As Tems builds up to the release of a long-awaited, highly anticipated debut album, Love In The Wild, her new single, Love Me Jeje is the latest of three songs released in the lead-up to it. Of these, it carries the most of the Nigerian spirit in sound and style and may be indicative of the direction she takes with the album, Born In The Wild. Tems’ versatility already puts her in a place where she can explore RnB, Dancehall, and more from the comfort of her bespoke soundscape, but for the first time in her blitzing career, she reaches firmly for Afropop.
A lot of the song’s Nigerian identity is encapsulated in its interpolation of Sodimu’s famous “Love me jeje/ love me tender” lines, a sequence that is already a favorite of Nigerian artists from Ric Hassani to Tiwa Savage. She does so in one of the most memorable ways, snapping the iconic lines off the original and placing them on a simple Afropop percussive rhythm. At a time when some of Nigeria’s biggest music stars are looking to jump the ‘Afrobeats’ ship—denouncing the vessel that brought them thus far with the view that it hinders them from advancing further—Tems’ latest release is swerving hard towards it.
Even the video’s imagery, like that of the album’s trailer released a month ago, indicates a heavy Nigerian influence. Tems spends most of Love Me Jeje‘s video surfing through Lagos streets and dancing slowly to her song as the camera cuts between this and another scene shot in a low-vibe club mildly reminiscent of Nigeria’s 90s night scene. At the end of the video, Seyi Sodimu appears in the flesh to dance beside Tems for a few seconds, bringing this episode of culture to a full-circle moment.

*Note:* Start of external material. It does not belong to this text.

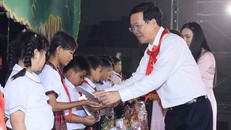 Chủ tịch nước Võ Văn Thưởng trao học bổng cho các thiếu nhi có hoàn cảnh khó khăn, mồ côi cha mẹ, mồ côi do COVID-19 của các tỉnh Đồng Nai, Bình Dương, Tây Ninh và Thành phố Hồ Chí Minh. (Ảnh: TTXVN)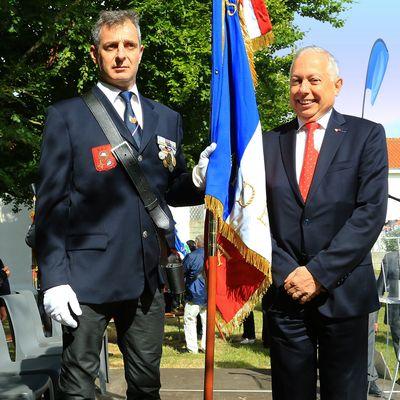 Iconographie - Remise du Drapeau Devoir de Mémoire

But there is more in Tems’ new release than the 27-year-old throwback to Seyi Sodimu’s song and Tems’ ode to Lagos, the city of her birth. Love Me Jeje is Tems’ most outrightly romantic song yet. She is clear about her intentions from its first lines: “I need your lovin’, so fresh, so clean/ Love me in and out, unfailingly.” She maintains that headscape for the song’s entirety, allowing herself to fall vulnerably in love as she hardly has before. It is indicative, at least in part, of the emotional growth that has happened alongside and has been encouraged by her music over the last few years, and it makes for a stark contrast from when she swore off relationships in the past, a decision she attributed in part to previous trauma.
But like she often says in interviews, those dark days before she stumbled into the music industry and struck gold, consisting of a childhood spent navigating a divorce, school bullies, and a career in marketing she had no passion for, are well behind her now. The last half decade has been transcendental for Nigerian music, and Tems has been a key beneficiary and later, driver of this movement. After a couple of self-produced songs first put her before the Nigerian audience, Wizkid arrived to feature her on Essence, the slow-grinding joint that was her ferry to an international audience. Once there, she used the exposure brilliantly; working with stars like Drake, Future, Rihanna, and Beyonce in singing and songwriting capacities.
Now a fixture in the global conversation, Tems will attempt to nail with her debut album what even seasoned Nigerian artists still struggle with: maintaining a sonic balance that keeps both her audiences satisfied. Already she’s taken to social media to express gratitude, and a little surprise, at the reception to Love Me Jeje. For an artist who has seen her releases do significantly better in other countries than in her home, seeing Love Me Jeje get so much acceptance must be heartwarming.
Her new release also, distressingly, captures some of Tems’ struggles. Her lyricism is top of this list. Tems’ simple, unembellished writing hinders her from expressing her emotions with the depth that should serve to properly convey them. Production, too, does not shine on Love Me Jeje, where the duo of Spax and Guiltybeatz are credited. The beat is languid and unchanging, while instrumentation is nearly non-existent, meaning that Tems’ vocals have to carry the water of the song’s entire flow. They just about manage to do so, but the song’s success thus far should not distract from its flaws.
Still, the journey to a golden debut album looks to be very much on course for Tems. Born In The Wild will be her first project in three years and her first body of work since she ascended the heights that she currently rests on. This increased anticipation has only raised the pressure on her to deliver, but she who won this audience has displayed that she possesses all the tools to keep them. Love Me Jeje, though pulled back by avoidable flaws, is a step in the right direction, and one that shows Tems’ growth and versatility, two qualities that we expect to see fleshed out on Born In The Wild.